The AfDB, he said, is committed to “turning promises into progress,” reaffirming its position as the first multilateral development bank to reach financing parity between climate adaptation and mitigation — a landmark for the Global South’s voice in climate governance.

Africa’s Climate Vision on the Global Stage

Speaking during the session on Forests and Oceans, Dr. Ould Tah framed Africa’s ecosystems as the world’s insurance policy against climate collapse.

“We are gathered here out of a collective duty to protect nature — our most precious ally in humanity’s survival,” he told the plenary.

African delegates echoed his urgency.
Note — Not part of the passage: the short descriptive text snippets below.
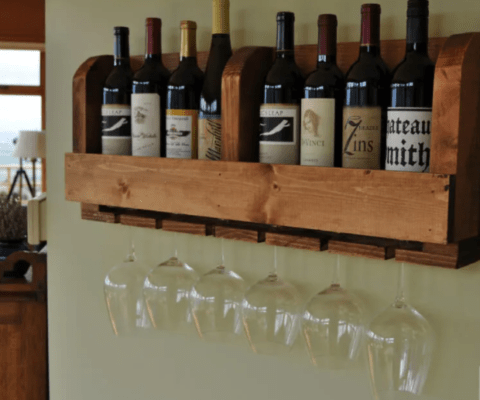 wooden wine bottle and wine glass holder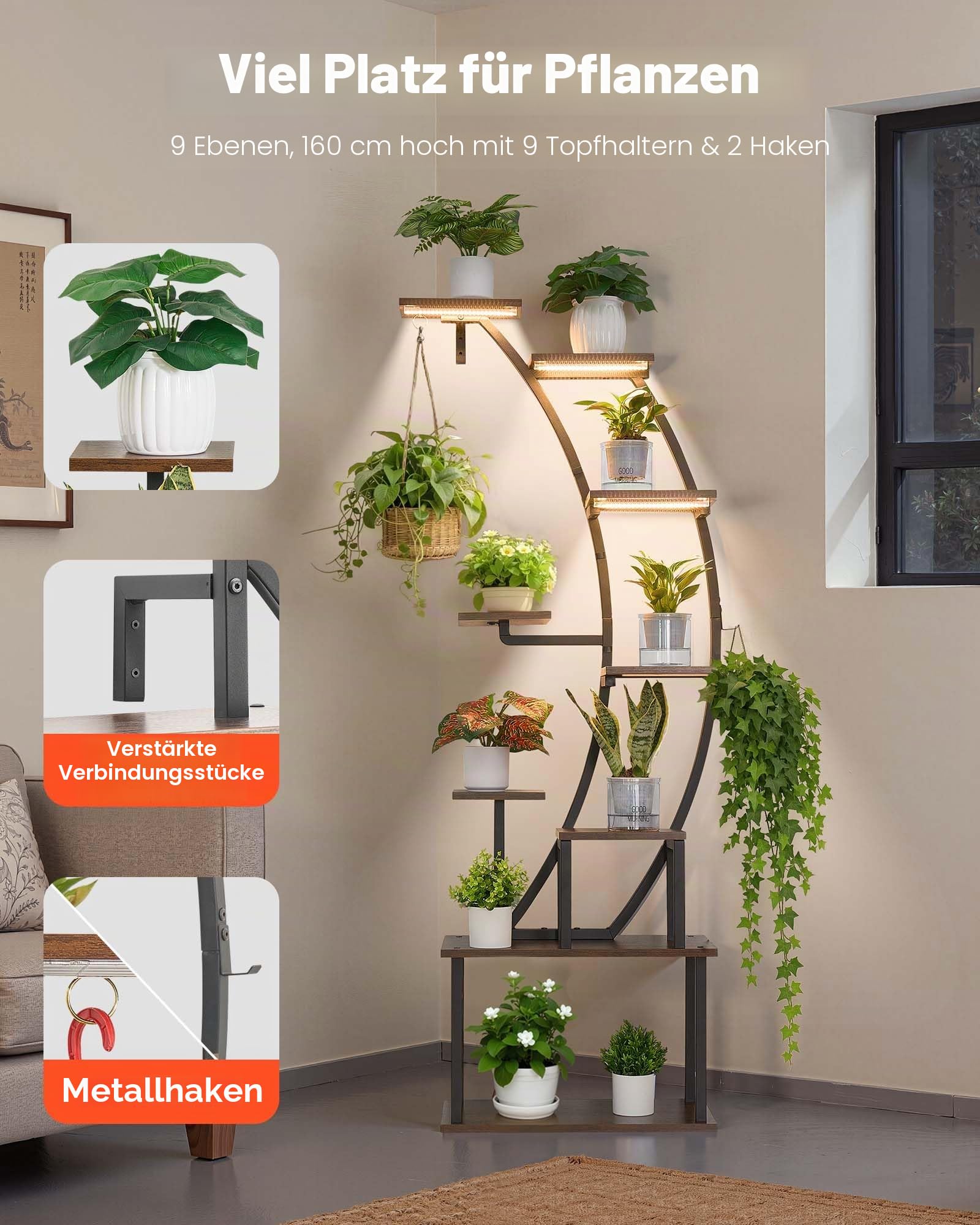 VEVOR Pflanzenständer mit Wachstumslicht, Blumentreppe mit 9 Ebenen, Blumenständer aus Metall, 3 Timer- & 10 Helligkeitsstufen, Blumenregal für die Dekoration von Wohnzimmer & Balkon, 62x28x160 cm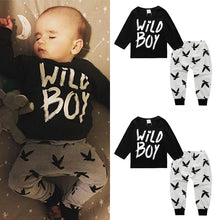 Load image into Gallery viewer, A generation of foreign trade INS explosion models Europe and the United States baby clothes spring and autumn long-sleeved T-shirt letter print stripe suit
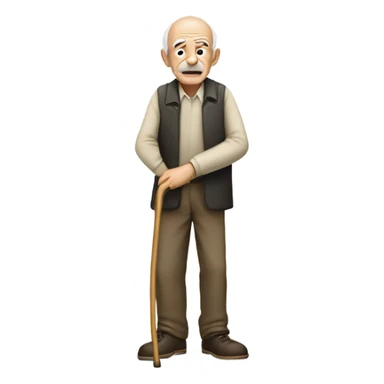 Old Man withe bushy eyebrows hunched over with a cane and bald head  sticker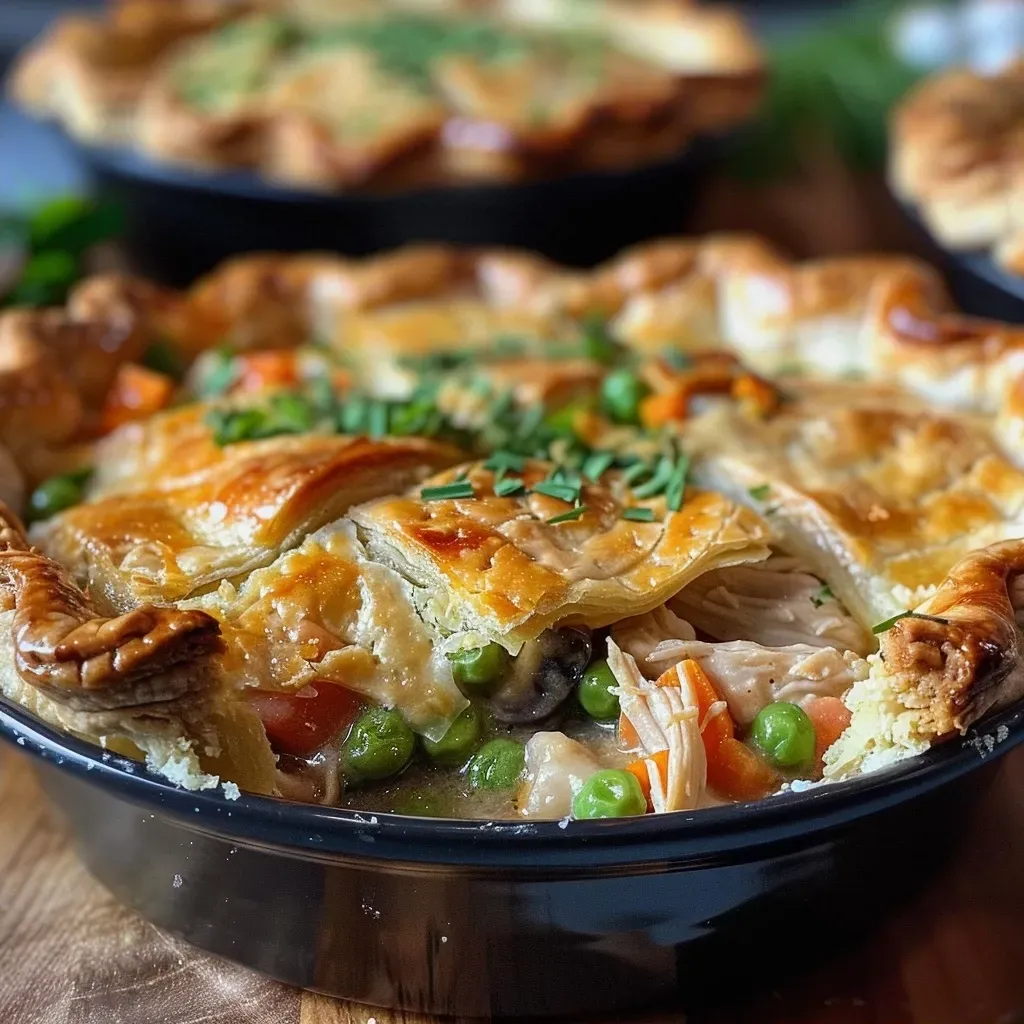 ['Close-up of Mummy Chicken Pot Pies decorated with candy eyes.', 'Juicy Mummy Chicken Pot Pies with a flaky crust and spooky eyes.', 'Side view of delicious chicken pot pies with a mummy theme.', 'Mummy Chicken Pot Pies featuring a golden crust and festive eyes.']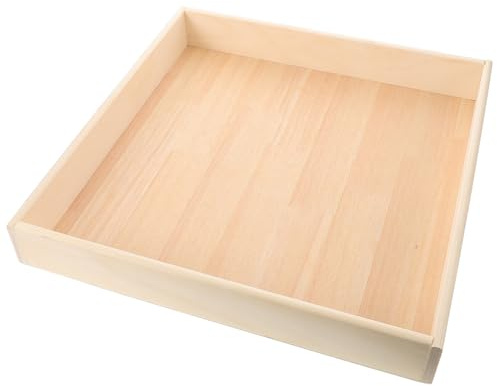 Holzsandkasten für Kinder Beige für Drinnen und Draußen | Kleiner Format, Quadratische Form, Holz für Spielbereiche, Sichere Spielzeit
The Republic of Congo highlighted the continent’s role as home to 17 percent of the world’s tropical forests, losing 3.7 million hectares annually, while Nigeria’s Vice President Kashim Shettima urged equitable access to carbon markets so African nations can restore and monetize their forest and ocean resources.

“Africa isn’t asking for aid,” Shettima said. “We are asking for access — to trade fairly in the carbon economy our ecosystems already sustain.”

From the Congo Basin to the Amazon: A Shared Climate Destiny

Ould Tah underscored that Africa’s forests and wetlands are not just natural wonders — they are critical climate regulators.

“The Congo Basin holds the world’s largest tropical peatlands — storing nearly 29 billion tons of carbon, the equivalent of three years of global emissions,” he noted.

Alongside Brazilian President Luiz Inácio Lula da Silva, Ould Tah launched the Tropical Forests Forever Facility, a joint initiative linking the Amazon and Congo Basins to preserve the planet’s last great green lungs.

He called it “a milestone in global climate solidarity — aligning South-South cooperation with Africa’s biodiversity programs like the Congo Basin Forest Fund.”